- WHAT YOU ARE ASKED TO DO
The line with "Ictus emorragicoIctus emorragico" marks the first line to copy, and the line with "Immunohistochemistry of paraffin-embedded" marks the last. Transcribe that stretch of the data below exactly, without pictures.

- EXTRACTED MATERIAL

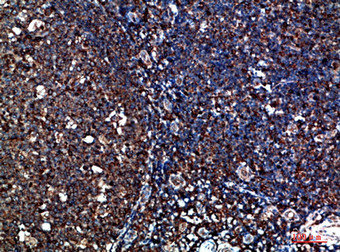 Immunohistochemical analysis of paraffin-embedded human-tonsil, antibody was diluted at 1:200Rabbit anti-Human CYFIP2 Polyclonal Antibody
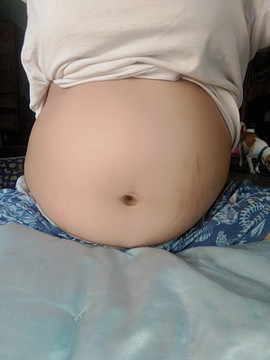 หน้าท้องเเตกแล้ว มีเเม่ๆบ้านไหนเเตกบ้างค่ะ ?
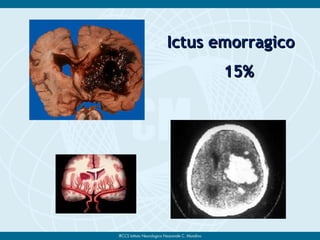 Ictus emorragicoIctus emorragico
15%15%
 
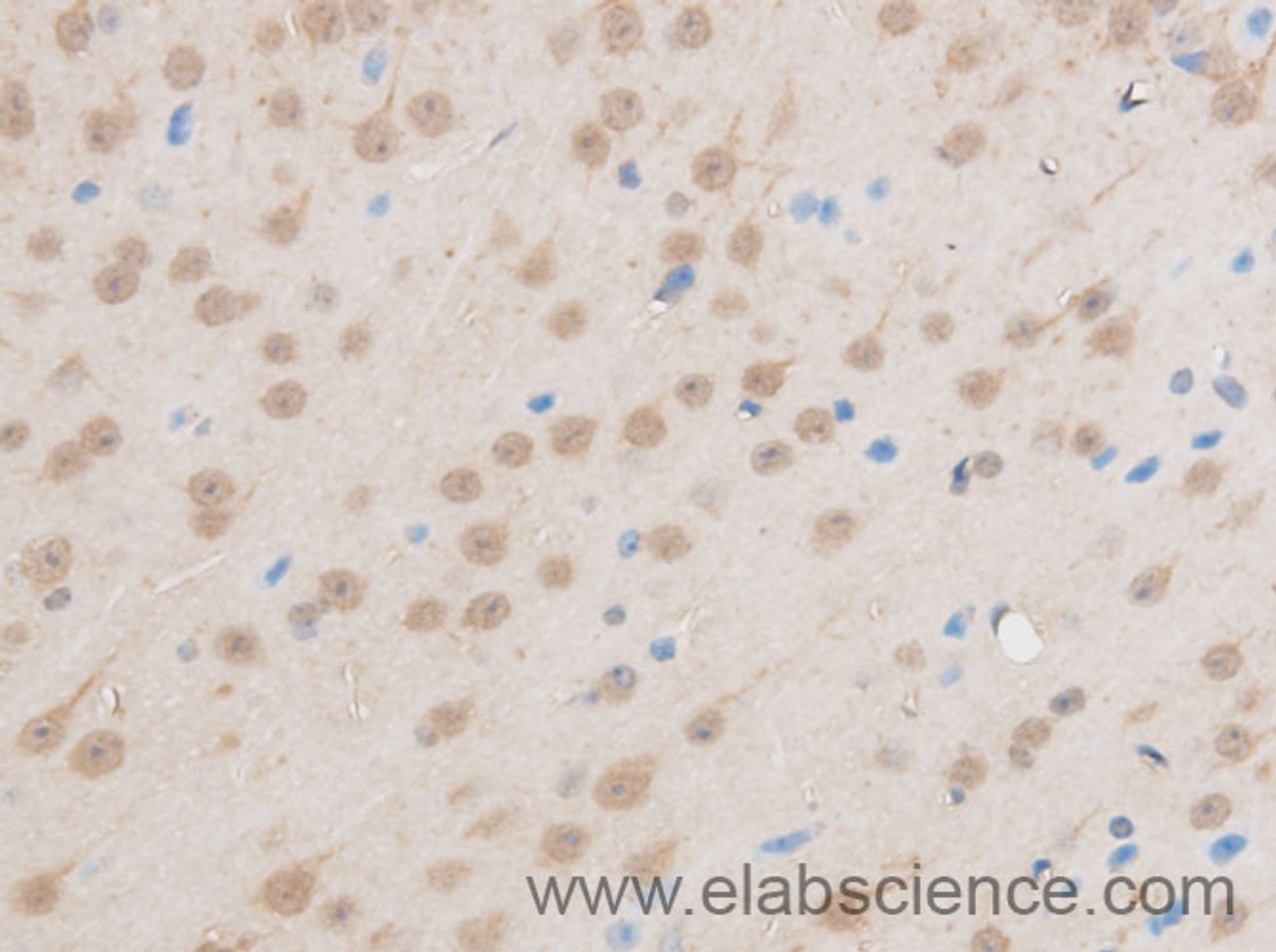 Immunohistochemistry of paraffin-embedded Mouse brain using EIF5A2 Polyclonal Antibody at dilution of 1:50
...
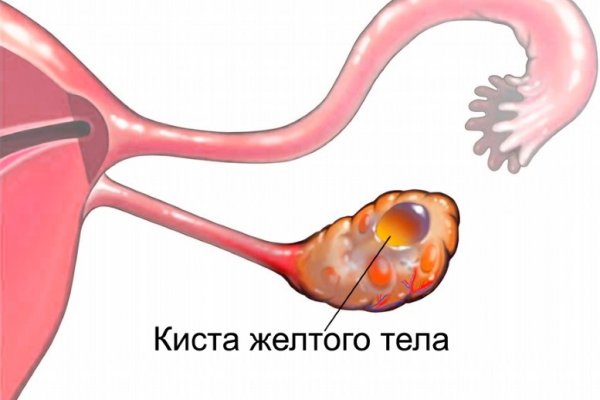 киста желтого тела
...
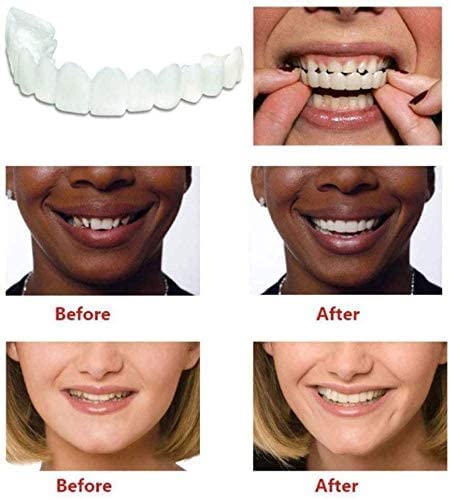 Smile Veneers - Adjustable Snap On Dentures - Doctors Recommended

- RESPONSE
 Ictus emorragicoIctus emorragico
15%15%
 
 Immunohistochemistry of paraffin-embedded Mouse brain using EIF5A2 Polyclonal Antibody at dilution of 1:50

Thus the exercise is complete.